A Little Wafer Goes a Long Way

There’s no sourdough starter in it.  There’s no mysterious bake time.  Still it says “I love you.” Oplatek is a piece of a thin, flat tasteless wafer and every Christmas Polish American families share it with family members and friends and anyone who comes to the door.  Oplatek carries all the goodness of the season. And this is not a tradition that is isolated; rather, it takes place at Christmas Eve dinner  in families with roots in Poland and many Eastern European countries, a tradition that dates back hundreds of years.

“For us, Polish Americans, the oplatek, that wafer, is Christmas Eve,” says Sophie Hodorowicz Knab, author of the book Polish Customs, Traditions and Folklore. “It defines people’s heritage.”
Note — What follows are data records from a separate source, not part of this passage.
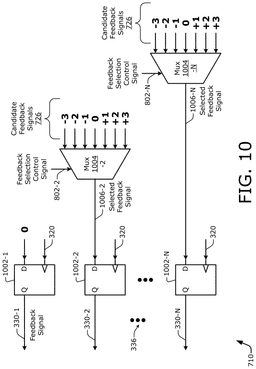 EMI-D00010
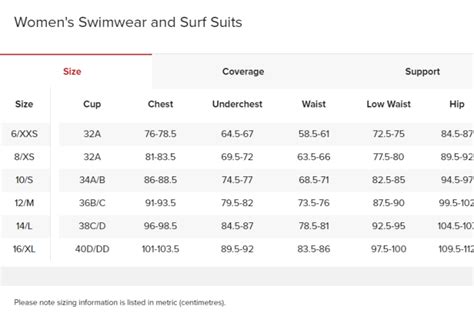 Rip Curl Block Party Spliced Cheeky Womens Hip Bikini Bottoms Navy Sorted Surf Shop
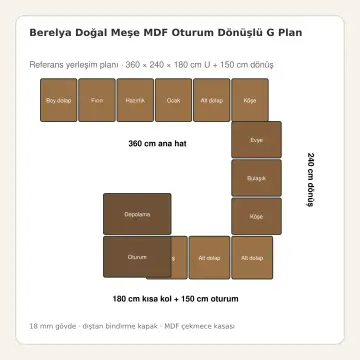 Berelya Doğal Meşe MDF Oturum Dönüşlü G Plan Mutfak Dolabı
Poles had the tradition of a meal on Christmas Eve that traditionally had 12 foods, representative of the 12 apostles.  The meal would include fish dishes as well as soups and boiled and stewed fruits and vegetables.  Usually before this meal came a small ceremony which followed the grace prayer.  The head of the house would take the wafer and would express a hope for the new year and perhaps give wishes to someone for good health.  This exchange was repeated again and again with those present.

The sharing of this unleavened bread with another person is sharing all that is good with life,” says Knab. “It’s a time to tell each other, ‘I love you, I care about you.’ And you do it in an open area, where everyone else can see you.”

The wafer is made of flour and water and is pressed between two flat or engraved piece of metal.  Its taste and texture is similar to the Holy Communion wafer used in churches.  It is often sold in ethnic churches but is also available on line.

oplatek Bread in the Middle Ages was hard to come by and sharing anything to do with bread was a caring kind of exchange.  Families would often make flatbread from the leftover flour blended with water to share with those around them.  During World War II, with families scattered all over the world, people would send pieces of oplatek to remind family members that they were thinking and praying for them.

The ritual is not complicated and not tasty, but the feeling of connection is strong.  Those who have gone before us, those who struggled as we do, those who loved and cared as we do – all those people connected to one another with a tiny wafer called oplatek.